El 6 de marzo de 1999, Gabriel García Márquez estaba tomando una taza de café en una terraza del barrio latino; frente a él, flores primaverales se movían con lentitud por aquellos aires festivos del renacimiento tras los despiadados meses del invierno europeo. Al mirar por medio de sus lentes gruesos con montura de carey, observa una hoja de papel en la que hay ideas y muchos tachones intensos, los remarca con un lápiz azul cielo que aprieta entre sus dedos, mientras recoge más ideas de lo profundo de su vasta imaginación. En medio de aquel revuelto de frases, hay una que está escrita con fuerza y tiene una línea que la resalta en la parte inferior. “América está hecha de los desperdicios de Europa”.

La máxima es de Giovanni Papini, un italiano que en sus primeros años fue ateo hasta el tuétano, y luego pasó a ser un apasionado cristiano que iba a misa encorbatado los domingos en la tarde. Cuando García Márquez terminó el texto, lo tituló Ilusiones para el siglo XXI, y lo fechó bajo el 8 de marzo de 1999, dos días después de su cumpleaños y de aquel café tibió servido en París.

García Márquez se consideraba poco prolijo para los discursos, de hecho, tenía un cierto rechazo por la oratoria; aquellas artes de enamorar a los espectadores bajo unas palabras protocolarias, con asistentes encorbatados y vestidos de lentejuelas, nunca fue su fuerte. Muy a pesar de esto, escribió discursos memorables, como aquel dado en la Casa de Conciertos de Estocolmo al recibir su premio nobel. O, cuando fue llamado por la Unesco y el Banco Interamericano de Desarrollo para abrir una reunión solemne. Esas palabras, y como anteriormente quedó remarcado, tenían como fecha el 8 de marzo, el mismo día de apertura del evento.

A pesar de su rechazo por escribir discursos, pero siguiendo su férreo apego por la solemnidad de las cosas, subió al pulpito y declamó unas bellas palabras. Trató, como en todos sus discursos, de vender la idea de la supremacía del género humano, de la virtud de la juntanza, y de creer que la América Latina era una pobre gran nación que se intentaba armar en medio de una tardía edad media. Sus espectadores eran un grupo de jóvenes, todos con aires caribes como aquella voz que retumbaba por los alto parlantes. Su público respondía con silencio y atención desmedida por aquellas palabras venidas del genio martirizado por la soledad y la muerte.
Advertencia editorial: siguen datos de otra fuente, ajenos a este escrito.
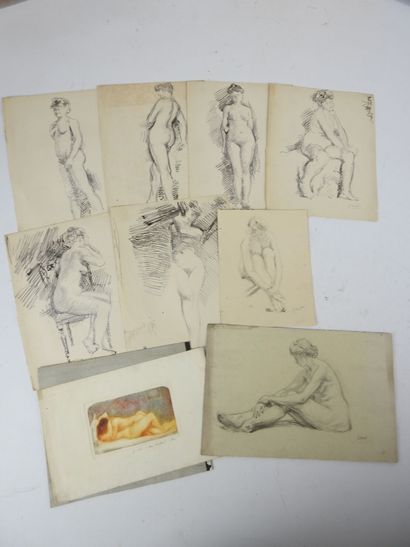 ALBUM comprenant environ 25 gravures, dessins...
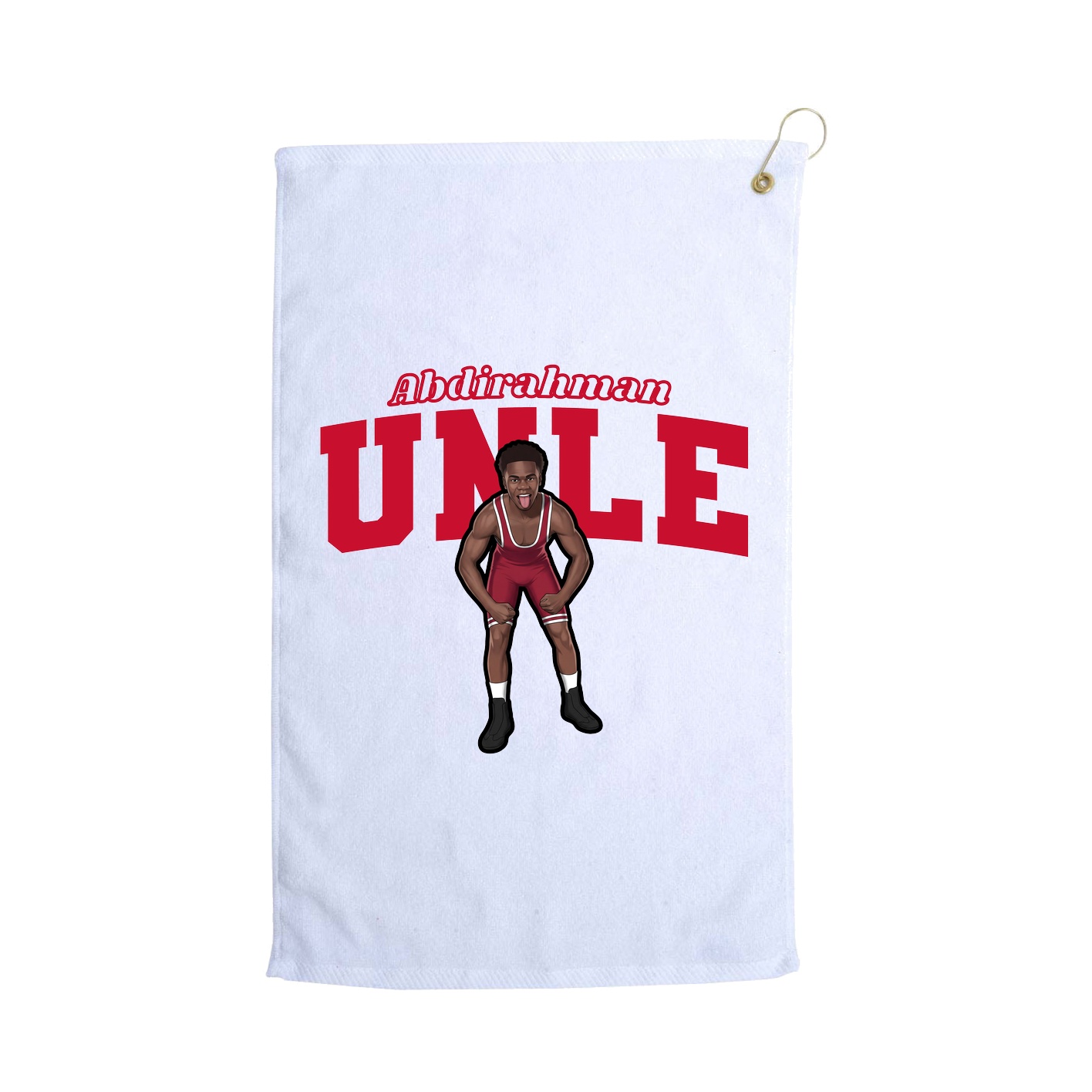 Golf Towel — Name Arch in White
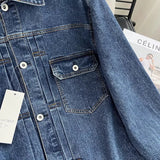 Women Jacket Spring and Autumn Loose Washed-out Lapel Casual Workwear Denim Jacket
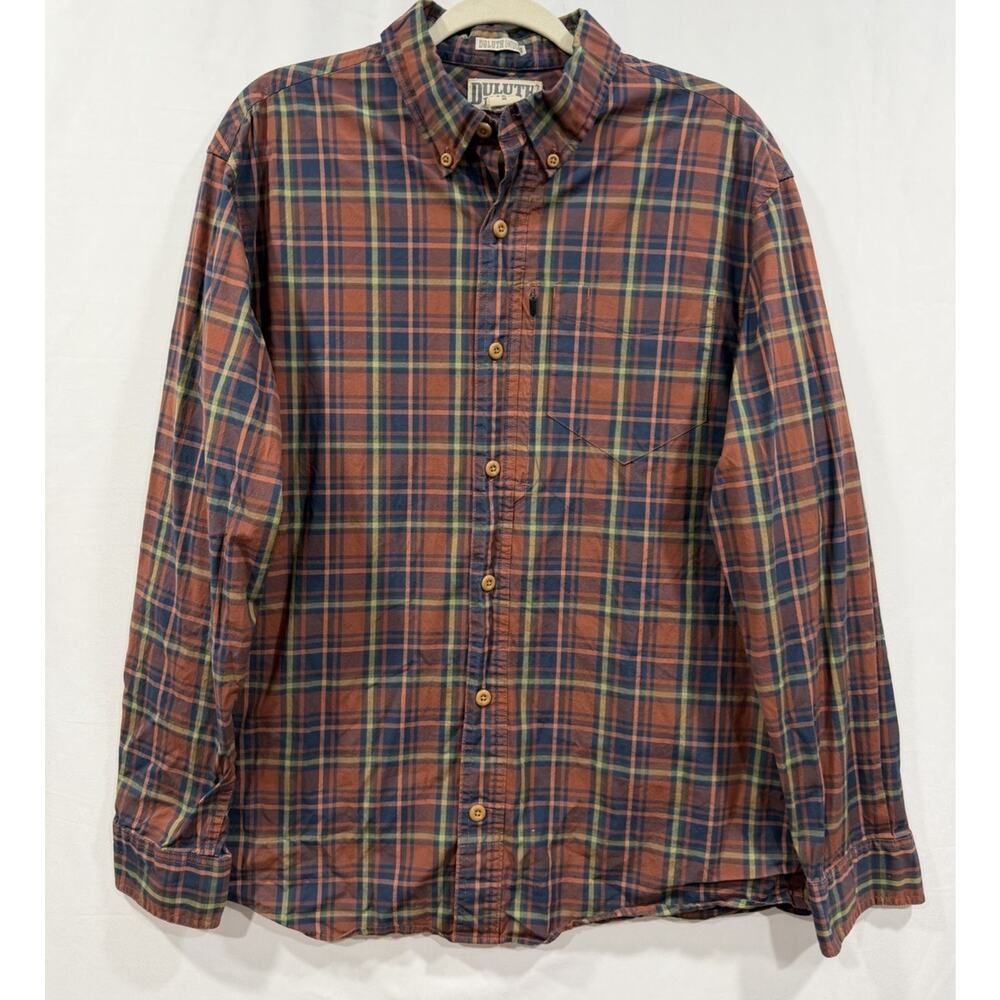 Duluth Trading Co Shirt Mens M Plaid Button Down Untucked LS Gorpcore Hiking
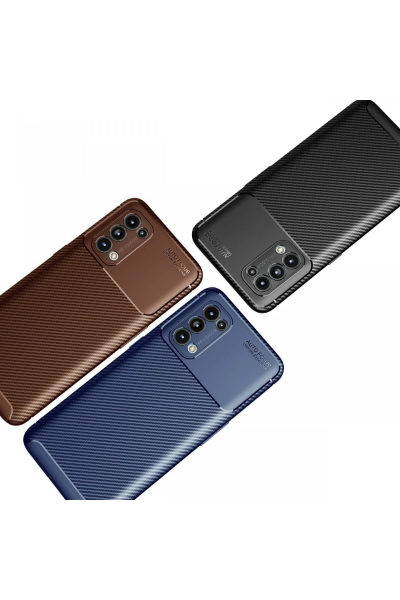 Newface Oppo Reno 5 Kılıf Auto Focus Karbon Kapak - Kahverengi resmi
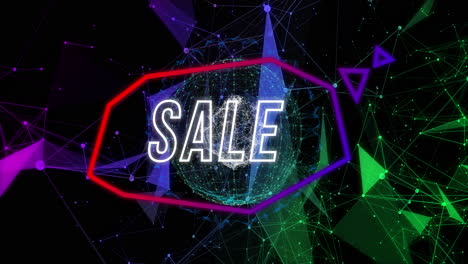 Animation-of-sale-over-globe-with-connections-and-colorful-shapes-on-black-background
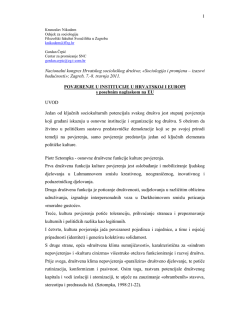 Povjerenje u institucije u Hrvatskoj i Europi s posebnim naglaskom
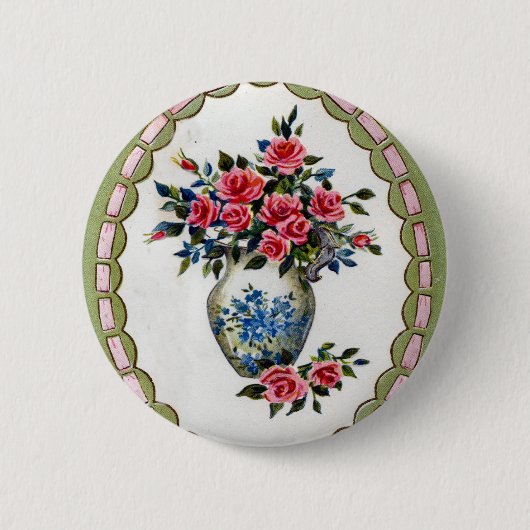 Vase Rosen mit einem Band-Rahmen Button (Vorderseite)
Somos aquella ilusión de un pequeño género humano, somos los hijos de García Márquez y en nosotros está recordarlo construyendo un nuevo y mejor mundo por los siglos de los siglos.
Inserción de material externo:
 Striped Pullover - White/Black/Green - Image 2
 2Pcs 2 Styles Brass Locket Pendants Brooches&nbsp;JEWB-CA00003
Durante todos sus 87 años de vida siempre tuvo presente la agonía de su patria grande, de la podredumbre que marcaba en las calles a los desventurados y de los venidos a menos; siempre creyó que una sola vida no le sería suficiente para decirnos que hiciéramos algo por América. Le imploró a los líderes mundiales bajo los designios de Damocles, que por primera vez dejaran la arrogancia y desarmaran al mundo entero. Aquellos cien años, aquel tiempo de inicio y de fin del mundo, los recordaba cuando sentía que menos vida le quedaba, por ello, hoy, en el festejo de su natalicio, no nos queda otra cosa que recordar que los designios de nuestro pasado y de la historia por escribirse están en nuestras manos y en la certeza de un nuevo y mejor mundo.
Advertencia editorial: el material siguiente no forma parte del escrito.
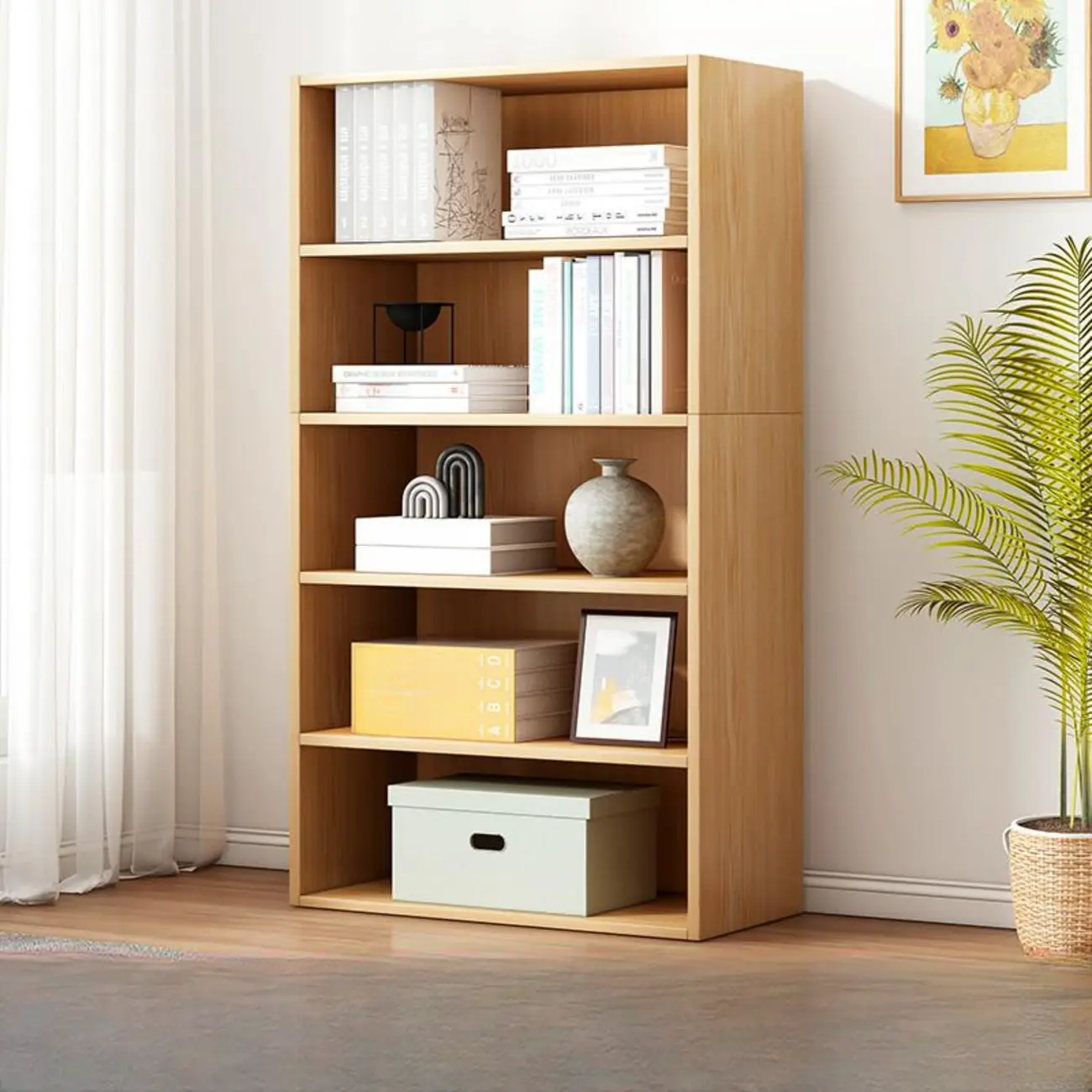 Modern Multi-Layer Brown Lumber Closed Back Bookcase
La reivindicación del amor, la desventura del rechazo, el desenfreno de las pasiones, la locura que desatan las luchas intestinas, pero que nos acercan a nuestros designios, son el comienzo de aquel nuevo mundo ávido por reconfigurarse y dejar de ser las sobras de Europa. No nos queda más camino, de hecho, se ve el final del camino para hacernos del coraje suficiente para asumir el rumbo de las cosas y dejar huella en la tierra.

Quizás, en cada cumpleaños, García Márquez soñaba con mundos distintos, imaginaba segundas oportunidades sobre la tierra y hasta siguió navegando por el río Magdalena, mientras Fermina y Florentino se deshacían en amores. Quizás, esta fecha deba servir para entender que nuestra historia no es inferior a la del viejo mundo, que nuestra ilustración está ahí, latente y volando a ritmo de vallenatos, cumbias, joropos y chirimías. Somos aquella ilusión de un pequeño género humano, somos los hijos de García Márquez y en nosotros está recordarlo construyendo un nuevo y mejor mundo por los siglos de los siglos.